Annuity rates at record lows

Annuity rates at record lows

Category: Annuities

Updated: 27/10/2011
First Published: 24/11/2009

This article was correct at the time of publication. It is now over 6 months old so the content may be out of date.

The prospects of securing a comfortable retirement have taken a further blow with news that pension annuity rates have hit an all time low.

A pension annuity is essentially a guaranteed income for life paid by an insurance company and is bought with the proceeds of an employer's pension scheme or personal pension.

Research from Investment Life & Pensions Moneyfacts has revealed that after holding firm during the summer, annuity rates have fallen steadily over the last two months.

The average rate for a male aged 65 purchasing a level without guarantee annuity (based on a £10K purchase price) has decreased by 3.3 per cent since September, whilst the equivalent female annuity has seen a 3.6 per cent reduction.
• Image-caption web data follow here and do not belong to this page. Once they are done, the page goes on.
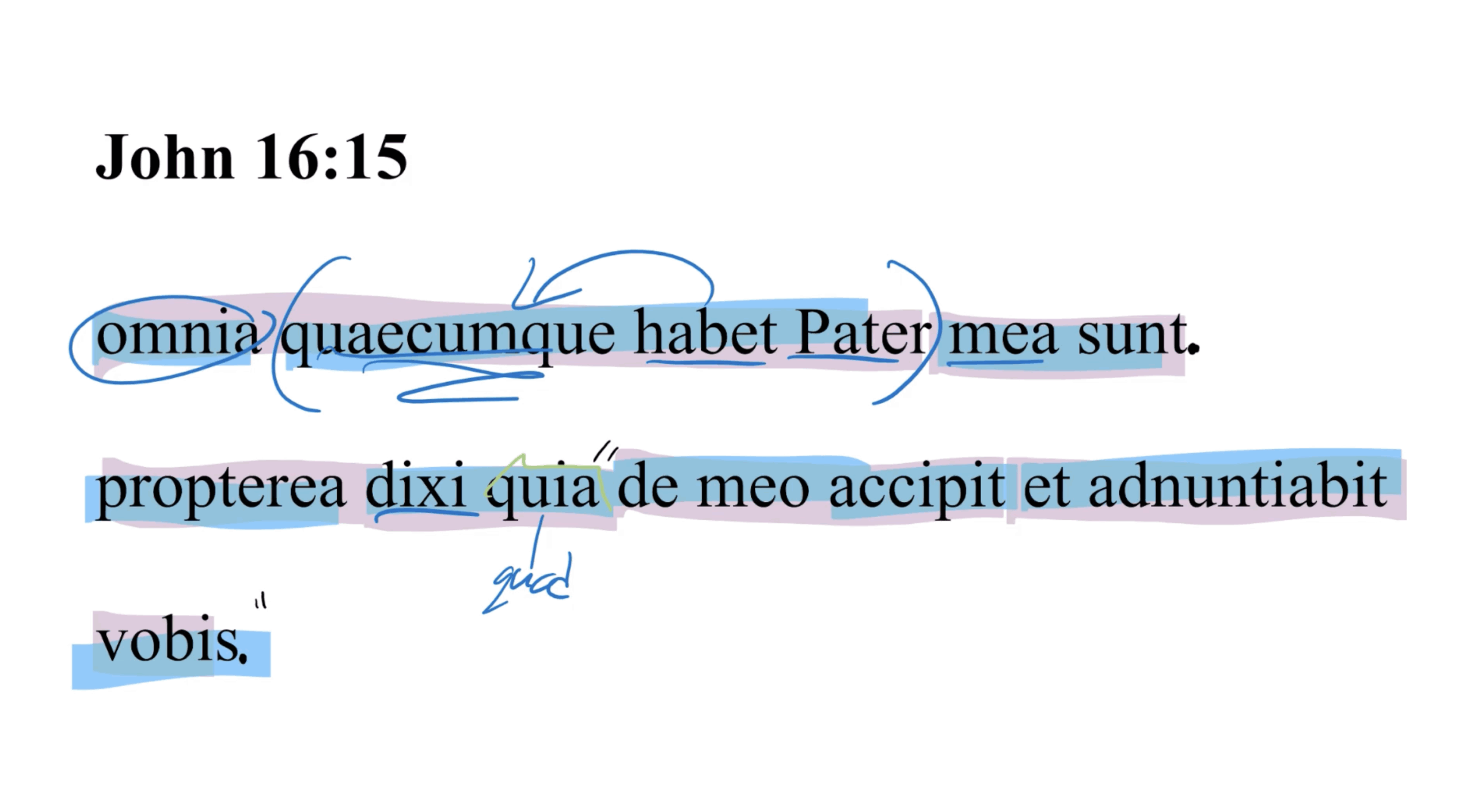 John 16:15 Latin Vulgate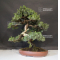 juniperus rigida ref: 04090192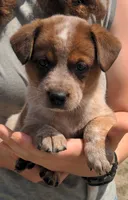 Corrie, a female Australian Cattle Dog for sale in Newberry, SC – 1 of 2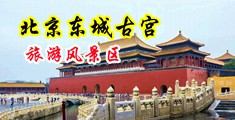 美女被大鸡巴操的视频中国北京-东城古宫旅游风景区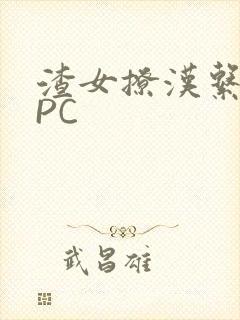 渣女撩汉系统NPC封面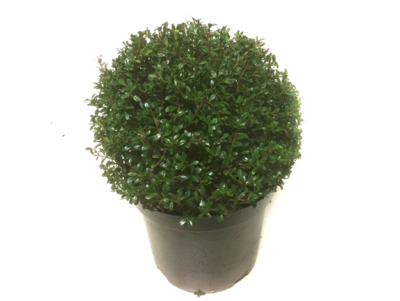Ilex crenata Stokes bolvorm 32/35 cm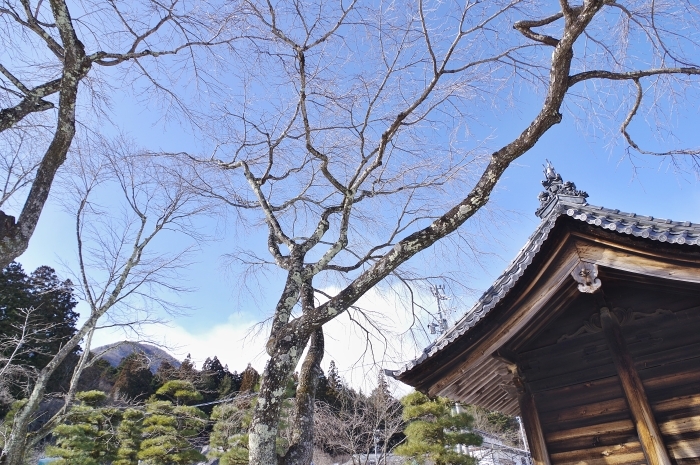c0281841_14500549.jpg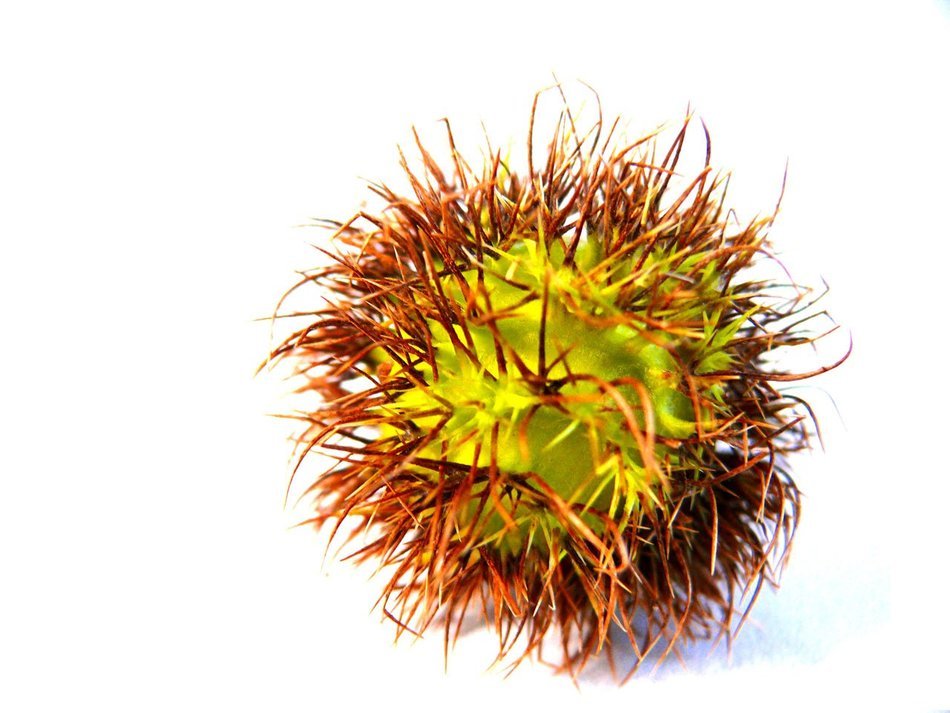 green fruit with brown needles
The latest reductions mean that the average male annuity rate is down by 10.5 per cent compared with a year ago, whilst female rates haven fallen by 10.9 per cent. Over the last 15 years the drop is even more remarkable, with male annuity rates now 43 per cent lower and female rates 40 per cent lower.

"Given that the stock market recovery has recently boosted the size of many pension pots, it is disappointing that falling annuity rates have had an adverse impact on the retirement income that can be achieved," said Richard Eagling, Editor of Investment, Life & Pensions Moneyfacts.

"Part of the problem is the low gilt yields that we are still seeing, which are still well below last year's levels."

Since the purchase of an annuity is a one-off transaction, it is vital that consumers shop around for the best deal for their money. Although under the Open Market Option (OMO), an individual is not required to purchase an annuity from the provider with whom they made their pension savings, in reality, relatively few take advantage of the opportunity to switch.

Richard Eagling added: "With few signs that the recent spate of annuity price reductions is at an end, the priority must be to maximise the amount of retirement income received.

"For most consumers, this will only be achieved by shopping around to obtain the best price for their annuity and exploring the open market option. The difference between the highest and lowest standard annuity rates can be as much as 13 per cent. The potential uplift for those in ill health who could qualify for an enhanced annuity is even higher."